* [PATCH] target/riscv: Fix orc.b implementation
@ 2021-10-13 18:41 Philipp Tomsich
2021-10-13 19:12 ` Vincent Palatin
` (2 more replies)
0 siblings, 3 replies; 4+ messages in thread
From: Philipp Tomsich @ 2021-10-13 18:41 UTC (permalink / raw)
To: qemu-devel
Cc: Alistair Francis, Richard Henderson, Philipp Tomsich, Vincent Palatin
The earlier implementation fell into a corner case for bytes that were
0x01, giving a wrong result (but not affecting our application test
cases for strings, as an ASCII value 0x01 is rare in those...).
This changes the algorithm to:
1. Mask out the high-bit of each bytes (so that each byte is <= 127).
2. Add 127 to each byte (i.e. if the low 7 bits are not 0, this will overflow
into the highest bit of each byte).
3. Bitwise-or the original value back in (to cover those cases where the
source byte was exactly 128) to saturate the high-bit.
4. Shift-and-mask (implemented as a mask-and-shift) to extract the MSB of
each byte into its LSB.
5. Multiply with 0xff to fan out the LSB to all bits of each byte.
Fixes: d7a4fcb034 ("target/riscv: Add orc.b instruction for Zbb, removing gorc/gorci")

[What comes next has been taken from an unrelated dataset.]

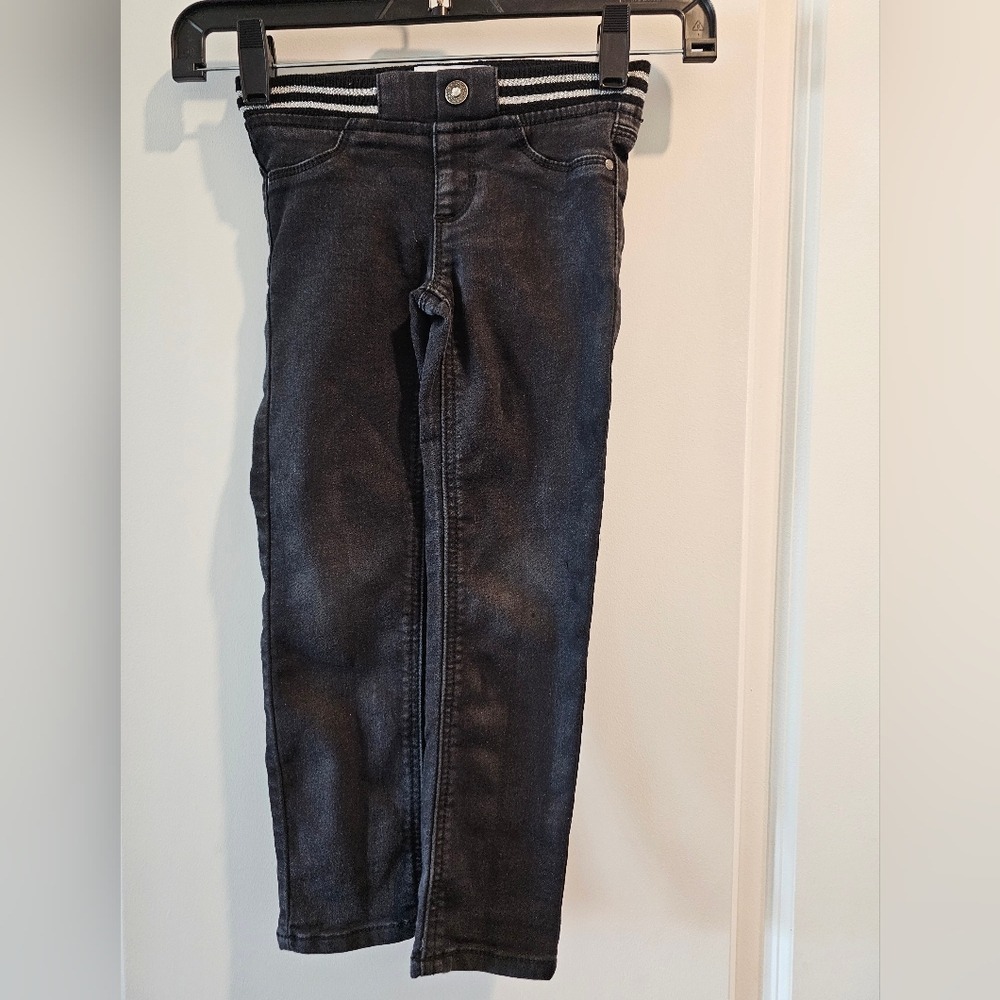 Girls sz5 Black Jordache Denim Jeggings Pull On Stretch Casual school Pants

Signed-off-by: Philipp Tomsich <philipp.tomsich@vrull.eu>
Reported-by: Vincent Palatin <vpalatin@rivosinc.com>
---
target/riscv/insn_trans/trans_rvb.c.inc | 13 ++++++++-----
1 file changed, 8 insertions(+), 5 deletions(-)
diff --git a/target/riscv/insn_trans/trans_rvb.c.inc b/target/riscv/insn_trans/trans_rvb.c.inc
index 185c3e9a60..3095624f32 100644
--- a/target/riscv/insn_trans/trans_rvb.c.inc
+++ b/target/riscv/insn_trans/trans_rvb.c.inc
@@ -249,13 +249,16 @@ static bool trans_rev8_64(DisasContext *ctx, arg_rev8_64 *a)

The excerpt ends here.